== What this task involves ==
Output nothing but the lines from the first line of the listing below through the line containing "3D Layered Whistler", printed exactly and free of pictures.

== Data ==
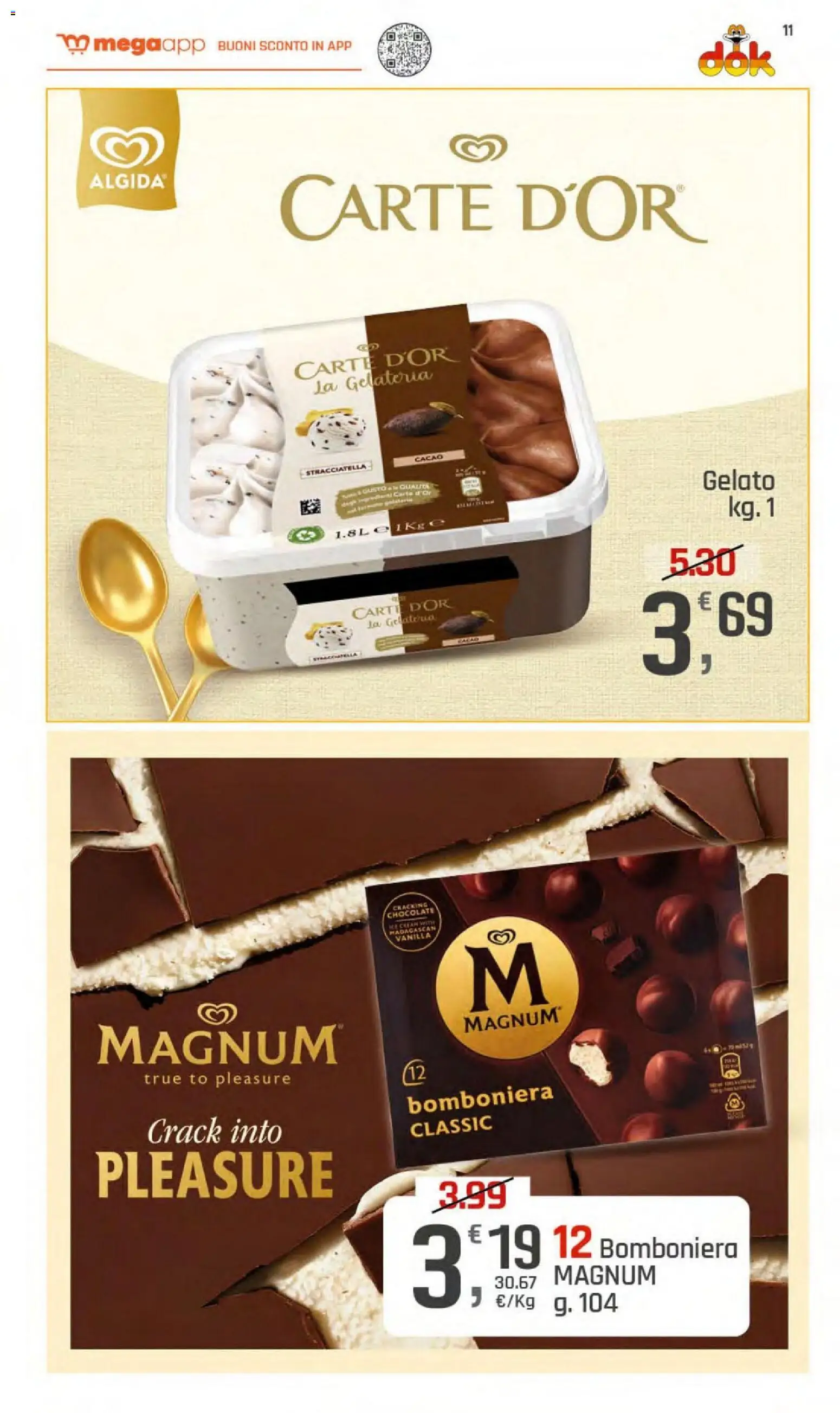 Volantino DOK del 23/07/2026 | Pagina: 11 | Prodotti: Gelato, Cacao, Stracciatella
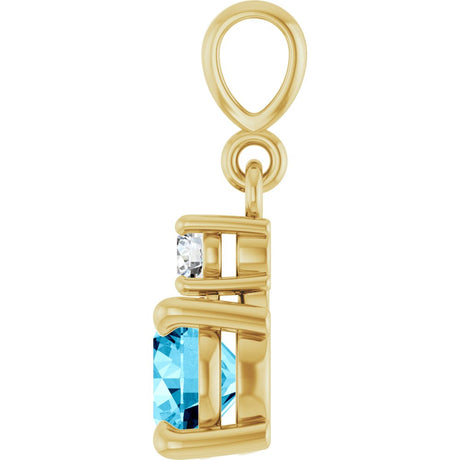 14K Yellow Gold Natural Aquamarine & .07 CT Natural Diamond Pendant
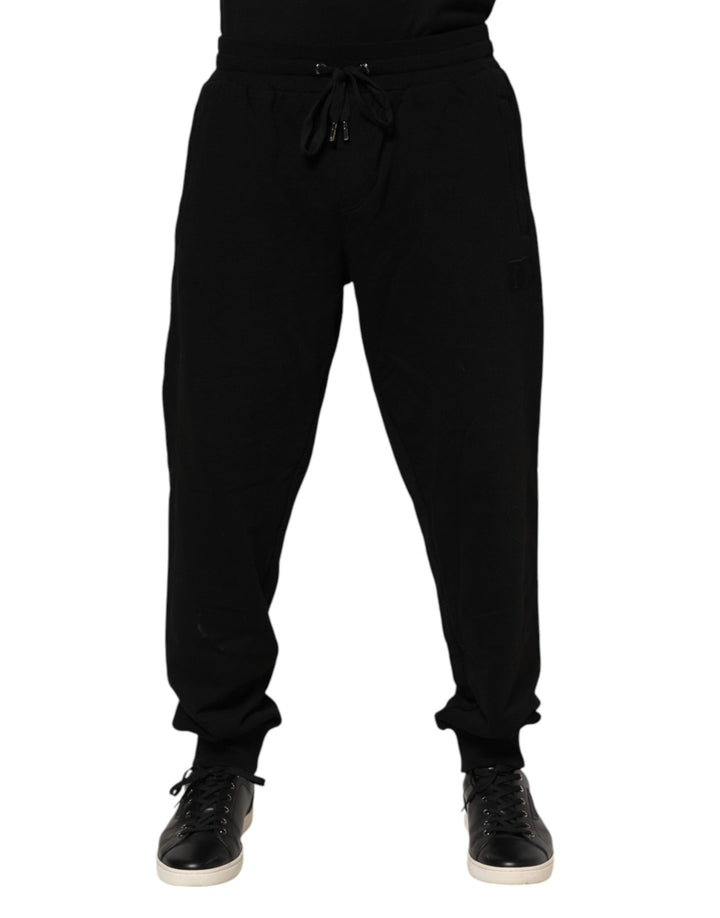 Dolce & Gabbana Black Cotton Logo Tape Men Jogger Pants - RIMODA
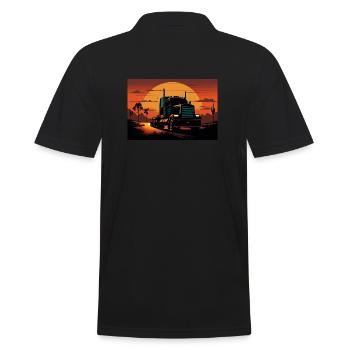 Ein letzter Sonnenstrahl auf der Straße - Männer Poloshirt - Schwarz - Hinten - Kai (181cm)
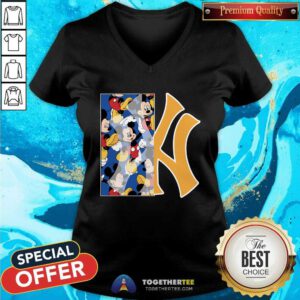 Hot MLB Mickey Pattern V-neck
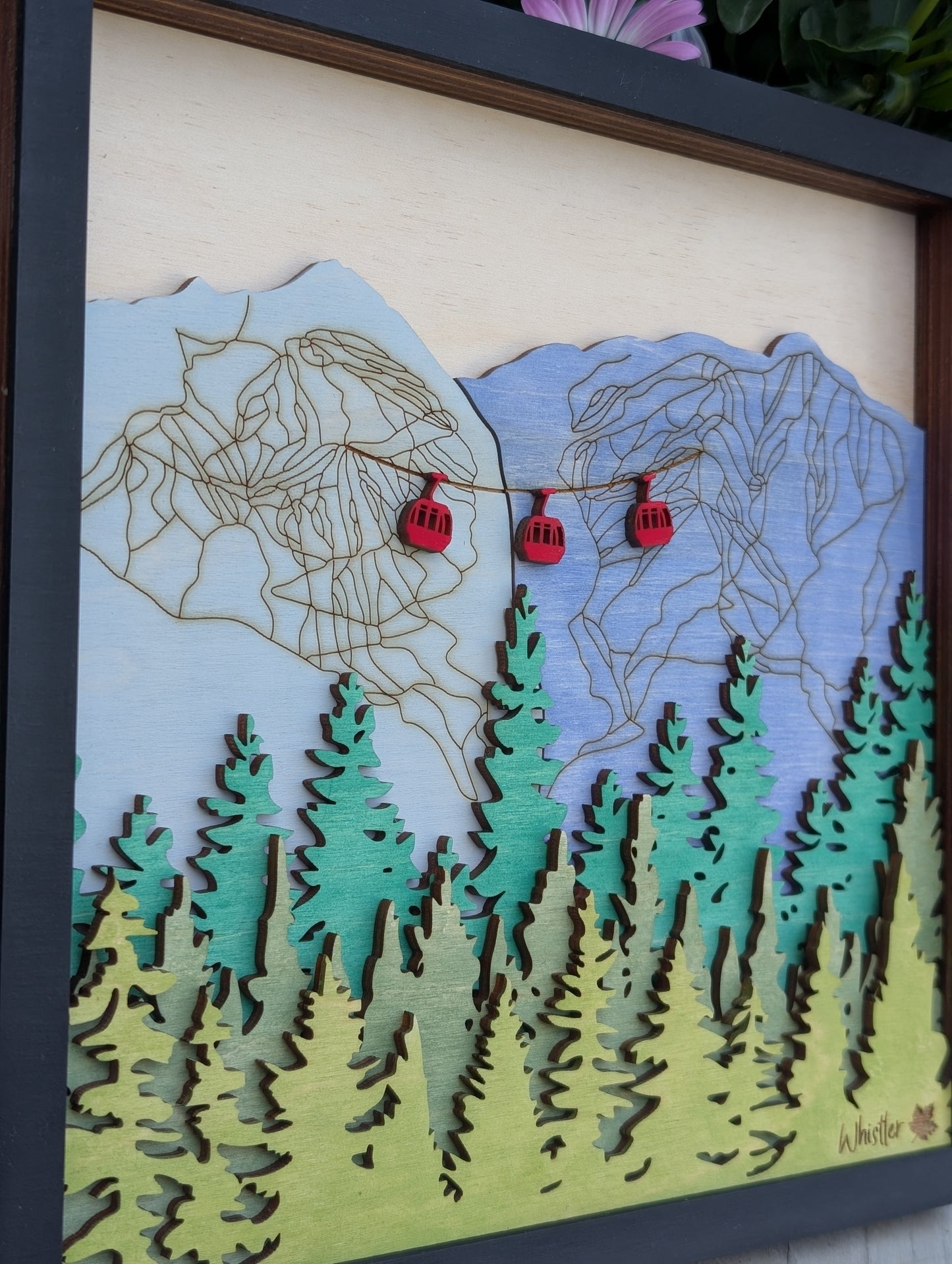 3D Layered Whistler mountain and Gondola scene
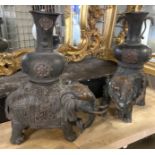 PAIR BRONZE ELEPHANT VASES / CENSERS - 42 CMS (H) APPROX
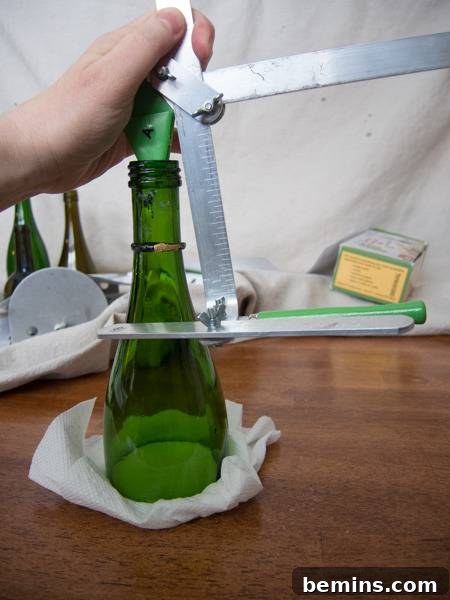 Which Bottle Cutter Reigns Supreme? A Definitive Review 15 Cutting the neck of a bottle with the G2.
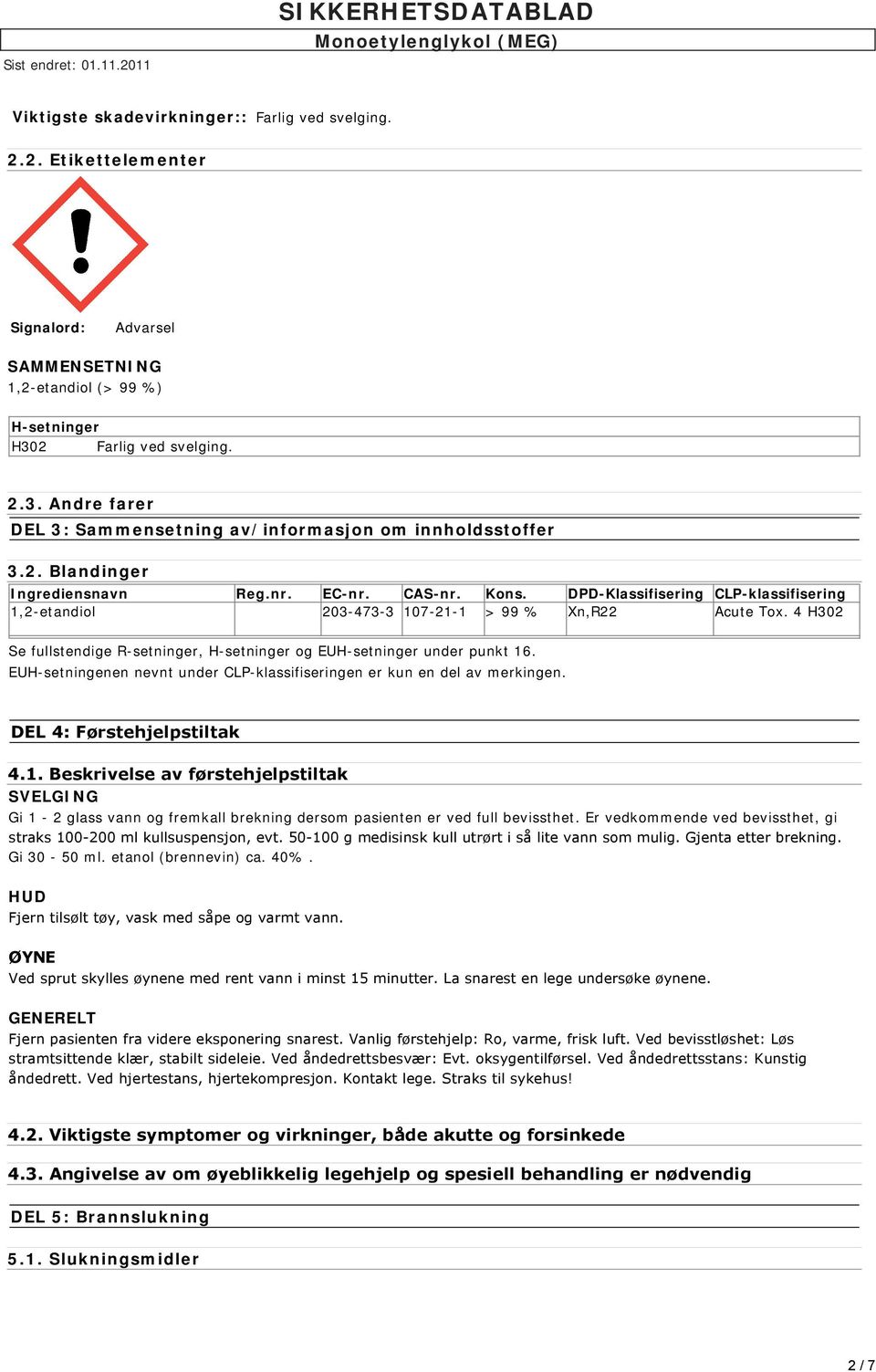 DPD-Klassifisering CLP-klassifisering 1,2-etandiol 203-473-3 107-21-1 > 99 % Xn,R22 Acute Tox. 4 H302 Se fullstendige R-setninger, H-setninger og EUH-setninger under punkt 16.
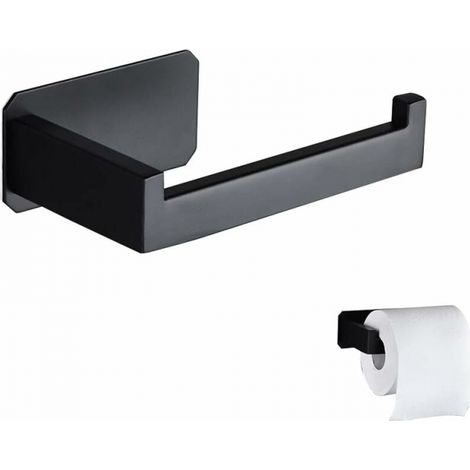 Toilettenpapierhalter, Edelstahl Toilettenpapierhalter Selbstklebend Toilettenpapierhalter für Bad und Küche, Schwarz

== Output for this exercise ==
 Volantino DOK del 23/07/2026 | Pagina: 11 | Prodotti: Gelato, Cacao, Stracciatella
 14K Yellow Gold Natural Aquamarine & .07 CT Natural Diamond Pendant
 Dolce & Gabbana Black Cotton Logo Tape Men Jogger Pants - RIMODA
 Ein letzter Sonnenstrahl auf der Straße - Männer Poloshirt - Schwarz - Hinten - Kai (181cm)
 Hot MLB Mickey Pattern V-neck
 3D Layered Whistler mountain and Gondola scene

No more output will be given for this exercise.